You can certainly get creative on how to get the right reference points (other sensors, APIs from other services, separate emails, in-app questionnaires, etc.) — the point being that it’s important to try to ask the right questions since the beginning. What problem are you solving? How are data from thousand or millions of people helping you? Answering these questions will point you towards the reference points that will eventually be key in doing epidemiological research.

Engagement (Marketing?)

A clinical grade tool and a perfectly designed app will still get you nowhere in terms of advancing research, if nobody is using your tool. While I am no marketing expert, the digital health space brought some unique opportunities to create engagement and a solid community around your work.

For many technologies we are still talking about early adopters. A few thousand users that really get it and are willing to help you to get the most out of the tool. They can be highly engaged because of different reasons (athletes aiming at achieving peak performance, users affected by a specific health condition, or maybe it’s just that period of your life). The more information we can generate to help understanding and interpreting these data, the tighter the community becomes.

When research is the goal, the opportunity comes from simply being transparent on what you are doing and how you are doing it. As a scientist I always had little interest in protecting my ideas, and blogged about the very unique technology that enabled all of our following work as soon as I had finished developing it, more than two years and a half ago (you can find it here).

Views on the HRV4Training Blog in the past 12 months.

As we now continuously blog about new findings using user-generated data, we have users that go as far as using the app only to provide us with data that we can use for research (thank you for that).

Being transparent, blogging about all the details of our work, helped showcasing what we are trying to do, creating great relationships with others, competitors included, and got users more and more engaged with our work.

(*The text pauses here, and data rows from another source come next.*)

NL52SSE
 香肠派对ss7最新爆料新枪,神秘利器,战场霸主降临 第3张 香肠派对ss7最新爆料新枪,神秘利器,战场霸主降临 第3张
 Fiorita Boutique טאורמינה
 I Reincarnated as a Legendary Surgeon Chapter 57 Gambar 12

HRV4Training reviews. Science rocks.

Closing remarks

These are exciting times for everyone working in the digital health space. We can collect and analyze data in ways that were unthinkable just a decade ago. User generated data is powerful and this is a trend we are seeing more and more, especially with the release of ResearchKit or CareKit in the past two years, and the involvement of big companies like Apple.

The main idea is simple. Instead of running expensive clinical trials on a limited number of participants, we can try to provide clinical grade tools to users/consumers, and acquire a much bigger dataset that can provide a better understanding of the relations between our outcome of interest and other variables.

However, a sound scientific approach is often lacking, making it hard to trust and benefit from most tools. In my personal experience, I developed an approach that I tried to outline here, going from personal insights to the validation of N=1 tools, that can be finally released in the hands of thousands. With the right questions, reference points & engagement, we have a unique opportunity to move the field forward.

Aiming for a massive study with many users does not mean that we forget about the individual. Eventually, we need to be able to bring this information back to the N=1 to provide better insights or care.

As we gather data from more people, we can also potentially stratify based on many more parameters, meaning that instead of having homogenous groups of subjects hoping to see similar physiological responses to a specific intervention (e.g. in a clinical study), we can factor in many individual differences and characteristics, due to the much bigger sample size.

We are trying to implement a similar approach at Bloom, where we developed (and validated) the first wearable sensor able to monitor uterine activity during pregnancy. We have many questions we are now trying to answer, from understanding what’s behind pregnancy complications to the early signs of labour, but that’s another story :)

Heart rate changes during pregnancy, about 7 months of data.